À moins de commander tous les plats frits du menu (poulet, pleurotes, longe de porc), on ne sort pas de là dans un coma digestif. Il y a un équilibre dans les propositions et nous le reproduisons dans notre commande, alternant fraîcheur et richesse.
Les deux dodus dumplings aux cèpes et au parmesan, qui baignent dans une sauce soya au yuja (yuzu), sont des petites bombes d’umami. La saucisse maison, elle, goûte l’enfance universelle, avec sa sauce tomatée sucrée-salée (lire ketchup !) et sa purée de pommes de terre lisse. C’est une reconstitution d’un classique de la cuisine familiale coréenne, semble-t-il, que les deux chefs mangeaient petits.
En matière de réconfort, le riz frit au kimchi et bacon ne donne pas sa place. Et quelle sensualité lorsqu’on mélange l’œuf crémeux dans le riz chaud ! Plus « adulte », le crudo est ambitieux, avec trois « protéines » aquatiques assaisonnées différemment. Le pétoncle, l’omble chevalier et le bar cohabitent bien, avec leurs sauces qui finissent par fusionner élégamment dans l’assiette.
Il y a plusieurs autres propositions terre ou mer au menu, dont un tartare de bœuf, une pieuvre avec sauce romesco au gochujang et des fettucini maison aux moules façon « kalguksu ». Nous ne nous sommes pas rendus au dessert, mais il y en a et ceux-ci, comme l’opéra matcha, semblent bien appétissants, sur papier du moins.
On peut dire, finalement, que les chefs intègrent habilement et subtilement les ingrédients de leur cuisine natale à ceux qu’ils ont pris l’habitude de cuisiner ici.
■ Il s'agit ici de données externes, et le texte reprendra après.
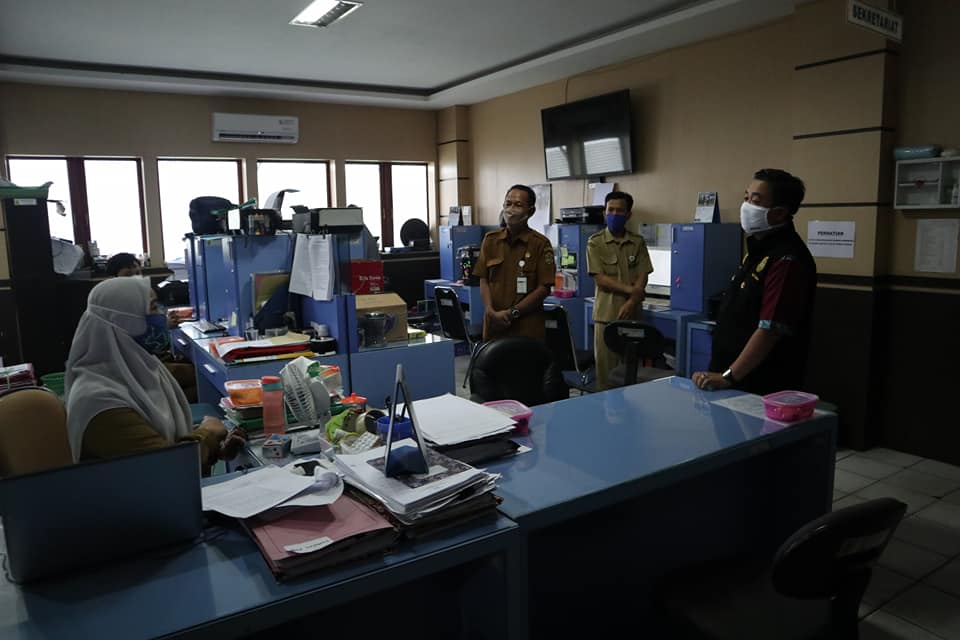 Ibnu Sina meninjau SKPD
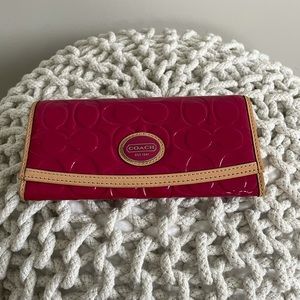 Magenta coach wallet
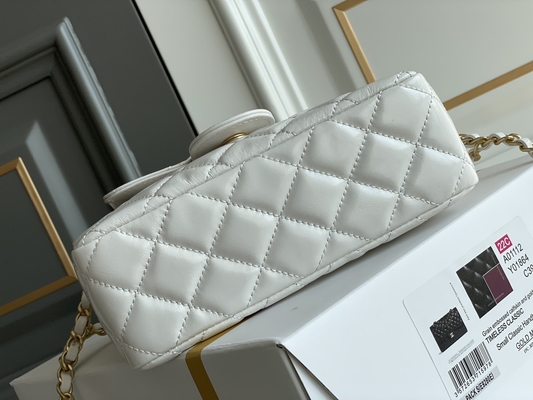 Klasyczna biała skóra cielęca Ulubione markowe torby z łańcuszkiem Chanel 2023 Cruise Bags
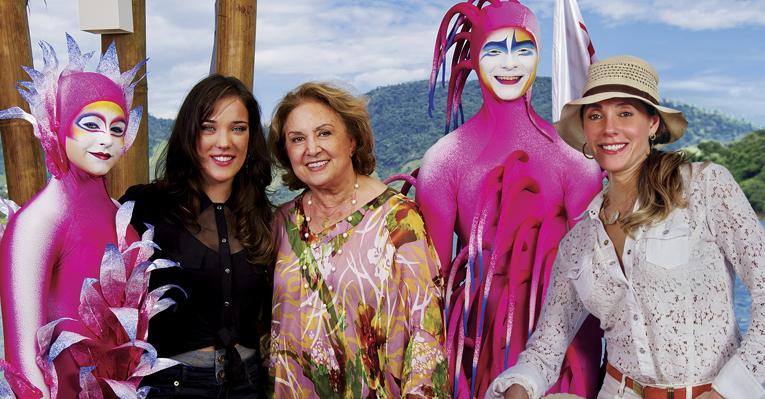 Atrizes de ‘Fina Estampa’ aplaudem o Cirque Du Soleil na Ilha de CARAS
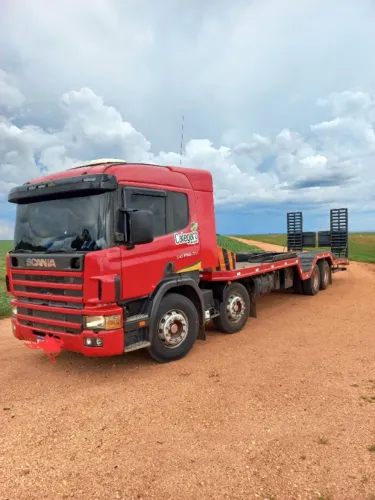 Caminhão prancha agrícola scania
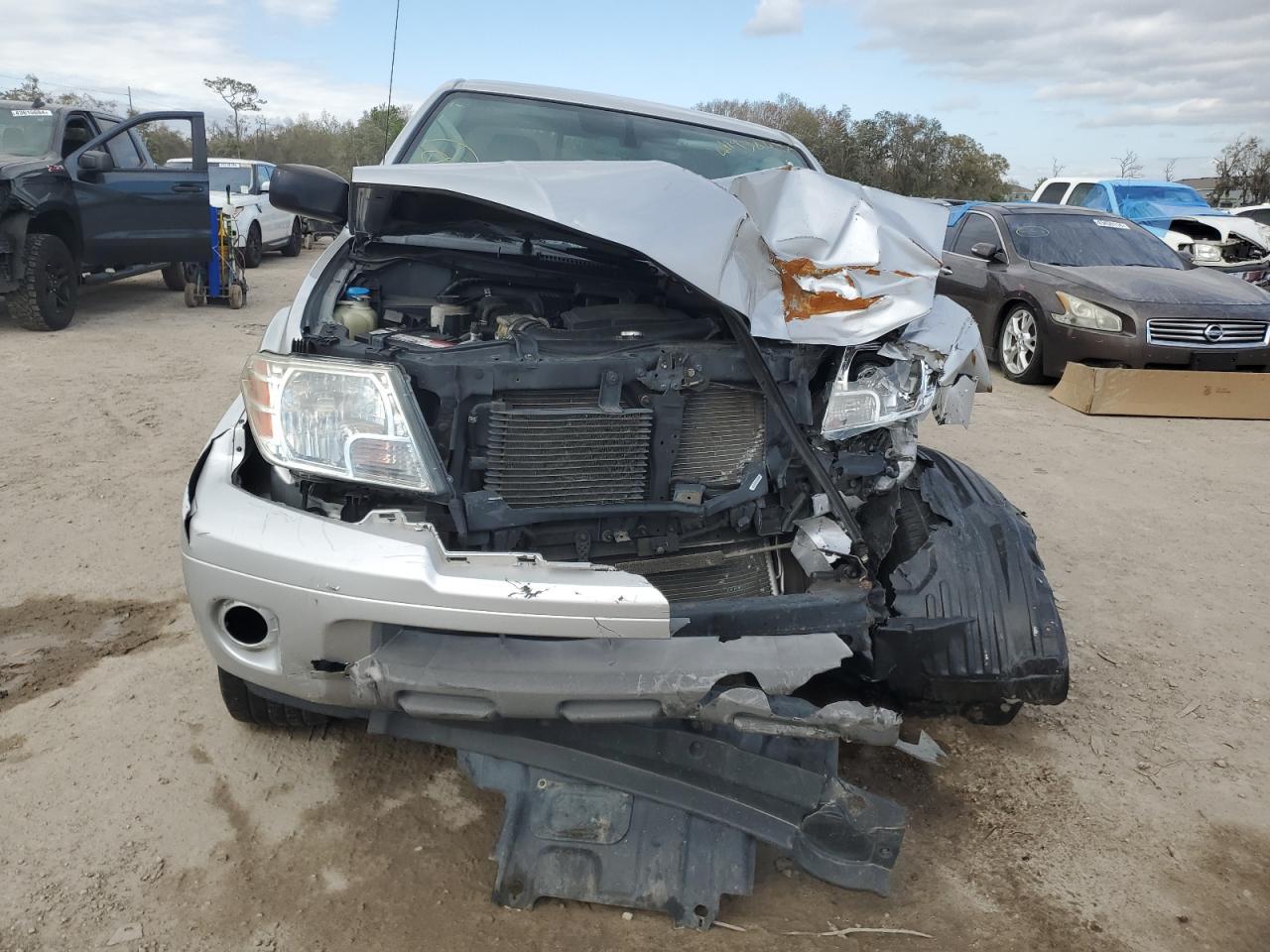 2019 NISSAN FRONTIER S - Фото 5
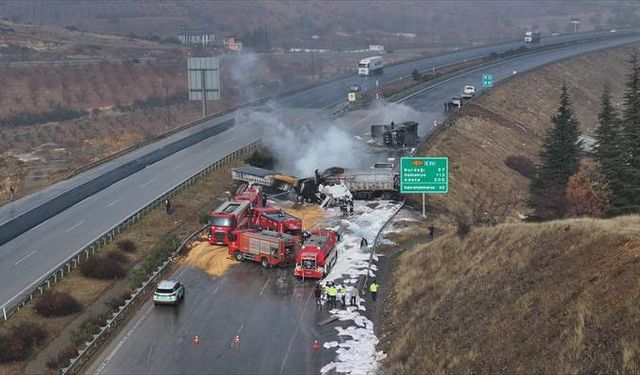 Gaziantep'te 3 TIR çarpıştı, araçlar alev aldı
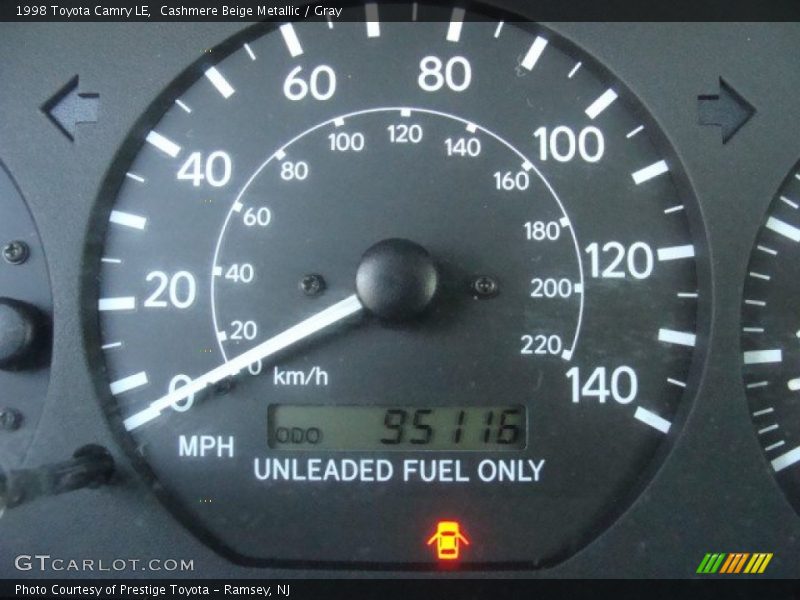 Cashmere Beige Metallic / Gray 1998 Toyota Camry LE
Le résultat est très, très montréalais, peut-être moins surprenant qu’on l’aurait aimé, mais néanmoins fort honnête.
Dans notre verre
Ici, on se démarque franchement. L’offre liquide a été développée par Simon Schmidt, maintenant au service du tout nouveau Yama. Elle est vaste et un peu confuse, mais originale. Il y a évidemment le soju, alcool distillé à base de riz ou d’autres céréales et rectifié à environ 17-20 % d’alcool. Si la SAQ vend la petite bouteille de 360-375 ml pour moins de 10 $, vous la paierez 25 $ avant taxes et pourboire au 9 Tail Fox. Le restaurant a une bonne sélection des marques Jinro et Chum Churum, que vous aimiez votre soju nature ou aromatisé à la fraise, à la mangue, au raisin, etc. Côté cocktails, on fait dans le kitsch avec des mélanges maison préparés d’avance aux couleurs éclatantes. Ils sont inspirés de classiques comme le cosmo, le margarita, le mojito, le mule. Ne reste qu’à choisir son format (verre ou pichet) et son spiritueux (gin, vodka, tequila…) qu’on ajoute après. Il y a aussi une panoplie de boissons gazeuses coréennes comme les Milkis, que l’on peut boire avec ou sans alcool. N’étant pas du tout la clientèle visée par ce festival des arômes ajoutés, je me suis tournée vers la carte des vins, loin d’être ennuyeuse. Mais pour boire hors références SAQ et « excitant », il faut compter au moins 80 $. Ce sont des prix un peu élevés pour la faune du coin, peut-être. Qui plus est, il n’y a pas de sommelier ou de sommelière sur place. Cela a donné lieu à un petit cafouillage lorsque nous avons dû retourner une bouteille défectueuse. Sinon, le service était souriant et attentionné.
Prix
Les plats les plus chers du menu sont la pieuvre (28 $) et le steak (29 $). Sinon, les prix se situent plutôt entre 17 et 20 $ pour une assiette de taille moyenne. Les plus petits formats, dont les brochettes (ggochi), sont à 5-11 $.
Information
Le 9 Tail Fox est ouvert du mardi au samedi à compter de 17 h 30.